At VFMA, we had a good number of scholarship students during the sixties. These cadets were some talented, hard working individuals. The word scholarship meant that you were acheiving academic excellence, and were granted reduced tuition payments, or in some cases, no tuition payments at all. Sometimes your tuition was paid out of a fund, sometimes it was a generous alumni. It was a system that rewarded hard work and achievment.
I didn't qualify for a scholarship, either financially or academically. I always thought that someday, I would qualify, somewhere.
I didn't finish college the first time around, at NYU in the early seventies. The world trade center was going up, and my interest in a degree in Film and Television was going down. Back in 1994, I decided to try again. Although I had spent much of the previous year on unemployment, I found that I had still earned too much money for a Pell Grant, but I also found that the inmates at Graterford Prison had all qualified, since they had earned almost nothing. This irked me, but it was nothing compared to what was to come.
I paid my tuition with almost every cent of money I had set aside. I worked very hard, and made the Dean's List, and came very close to a 4.0. Surely, I was elegible for a scholarship now.
Au, contraire. It seems that the meaning of the word "scholarship" had changed to "social engineering". It made no difference whatsoever that I was legally poor and had achieved excellence at college. I was the wrong color, the wrong gender, the wrong sexual preference, in the wrong place at the wrong time. I had no money left to continue.
A few years ago, the local college near my flight school decided to offer a degree in aviation. I was told that all manner of financial aid was available. The young official told me that there were loans and scholarships available, and that they could cover the cost of flying, too. What he didn't tell me was that he had no clue about how any of that might apply to ME. In a word, no. It didn't apply to me.

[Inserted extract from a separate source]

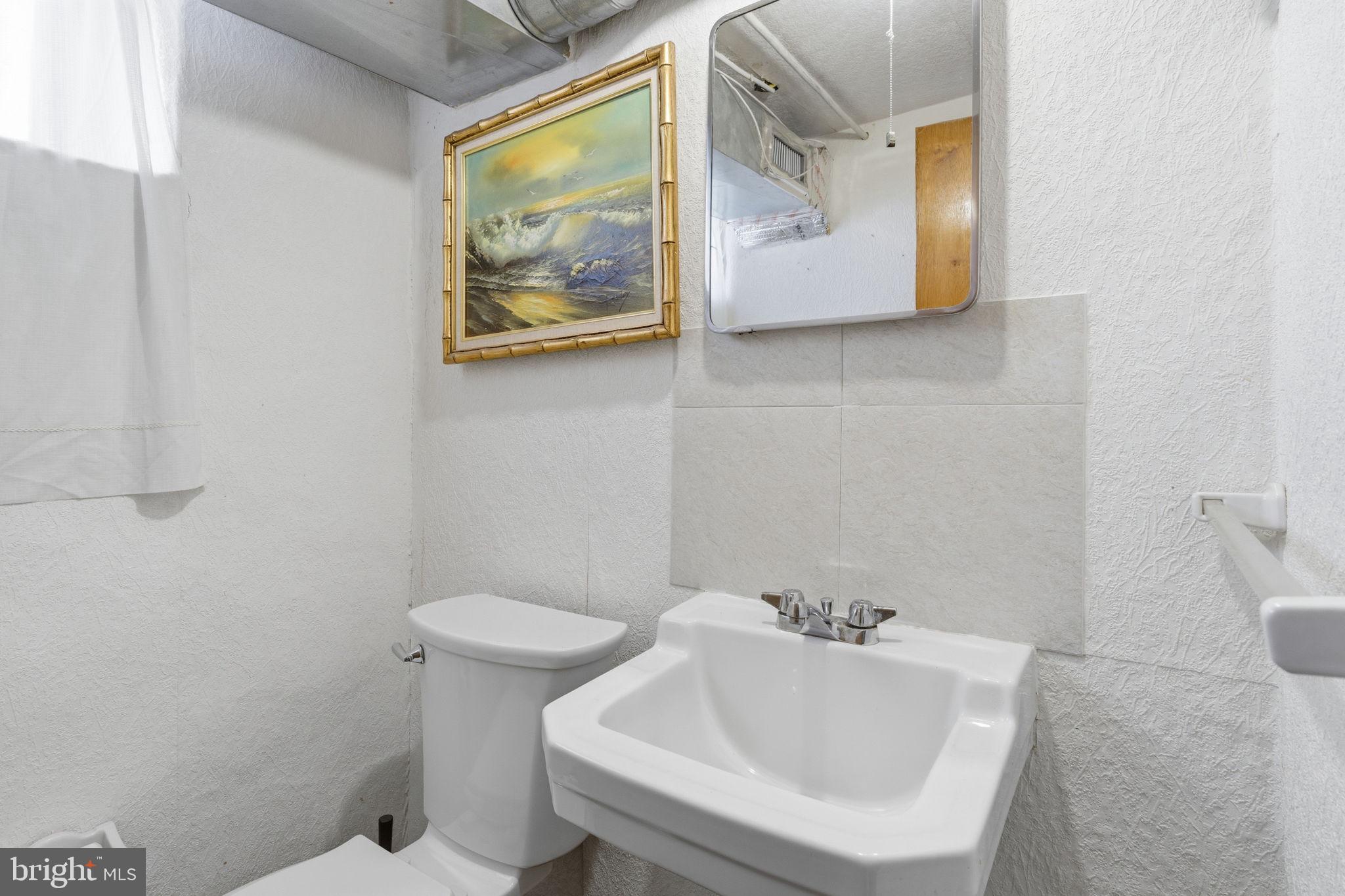 FOX CHASE - Residential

After setting aside a full time day job to pursue my aviation degree, and landing a 3.85 average, the situation was the same as before. I was just plain WRONG. No money, no interest. Actually there was interest. I'm still paying it on the student loan I had.

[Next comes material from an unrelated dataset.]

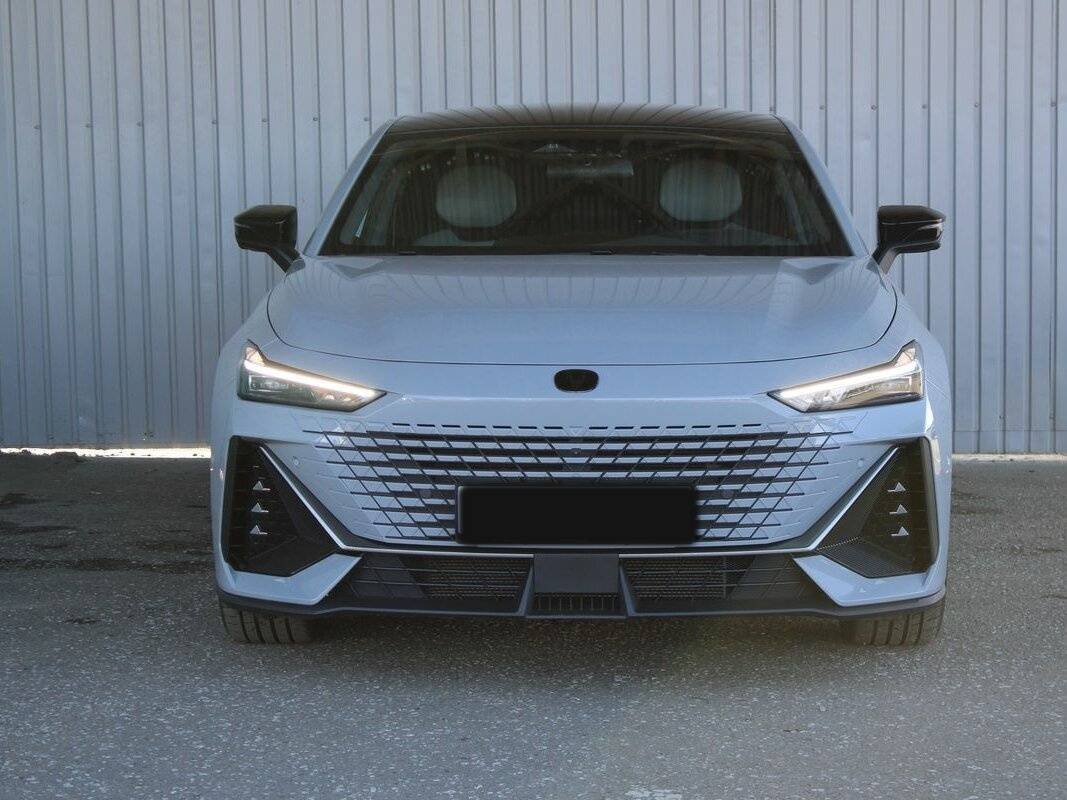 Б/У Чанган УНИ-В 2023 года. Фото: #1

I saw academic requirements being waived, a daycare center at the college, and young wellfare mothers who had "D" grades in high school having their ENTIRE college cost being paid. They had only to maintain a "C" average, and the teachers were making sure that they made their "C". The money they were receiving was coming from taxes that I had paid at the full time job that I gave up to attend school.
So, when someone says "scholarship", I understand the meaning. It means that someone, or a whole group of someones, has an agenda that they wish to advance, but they don't want to be truthful about their methods of realizing their goals.

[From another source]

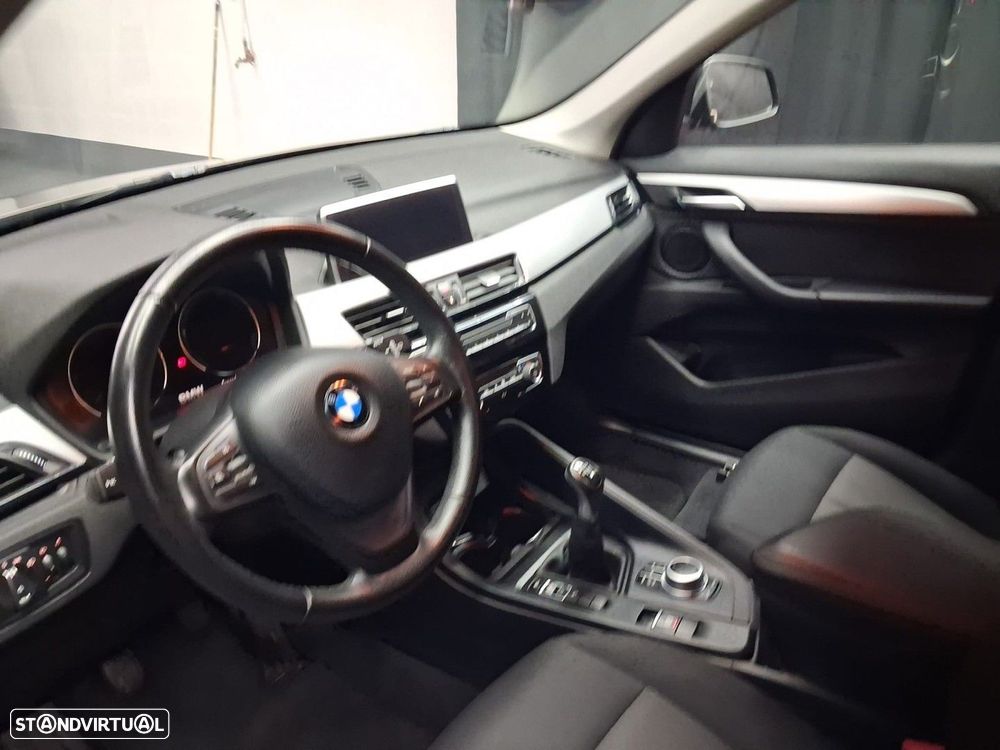 BMW X1 16 d sDrive Advantage - 9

Now, when someone says scholarship, you will understand, too.
By the way, English, I don't remember any ads pointing out that men COULD apply. Did you see any? Do you think that they might have been counting on the natural assumption that most men would believe that a group called Women In Aviation would only be offering "scholarships" to WOMEN? Had I known, I would have applied. Of course, they probably discriminate against men over forty, too. I could be wrong, but my experience tells me otherwise.